What this task involves> Print each line exactly, from the one with "اتاق استاندارد با" to the very last line of the listing, and keep the pictures out.

Task material>
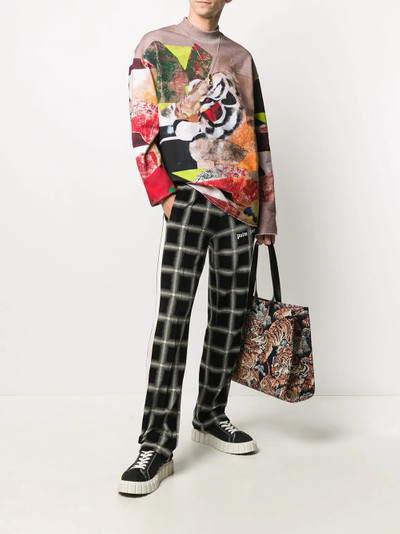 KENZO patchwork-look long-sleeve jumper outlook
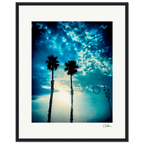 Bubbles and Sky Sticks Framed print 40x50 cm / 16x20″ Black frame 50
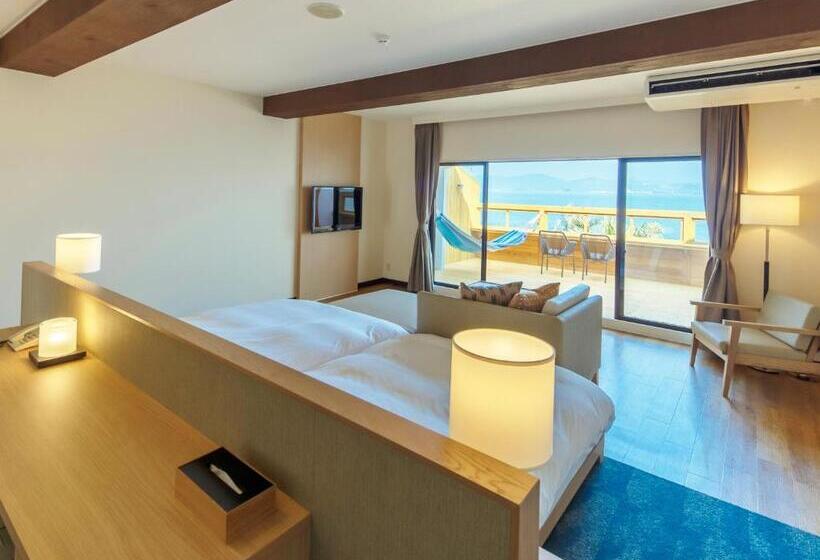 اتاق استاندارد با چشمانداز دریا, I + Land Nagasaki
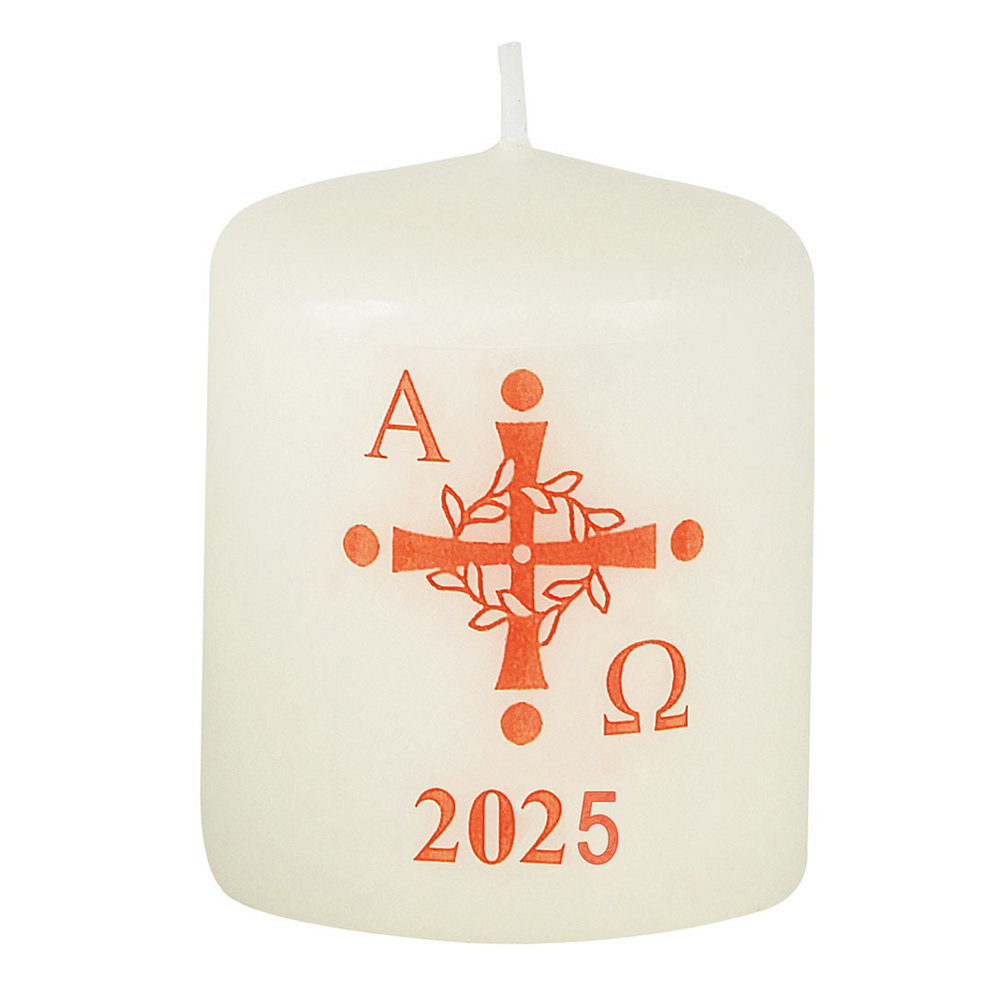 Osternachtkerze Motiv 13 mit Zahl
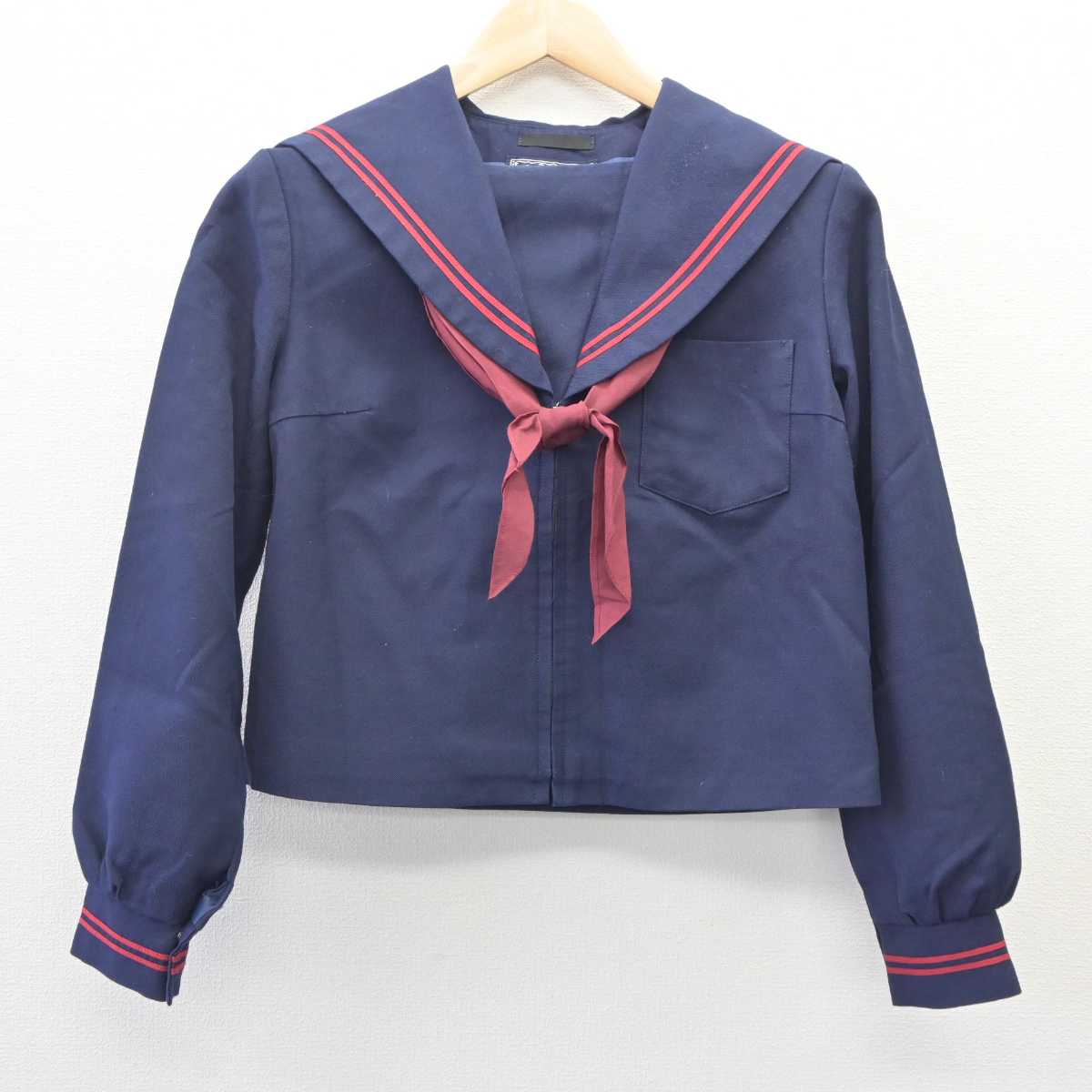 【中古】山口県 小郡中学校 女子制服 3点 (セーラー服・スカート) sf060235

Your response>
 اتاق استاندارد با چشمانداز دریا, I + Land Nagasaki
 Osternachtkerze Motiv 13 mit Zahl
 【中古】山口県 小郡中学校 女子制服 3点 (セーラー服・スカート) sf060235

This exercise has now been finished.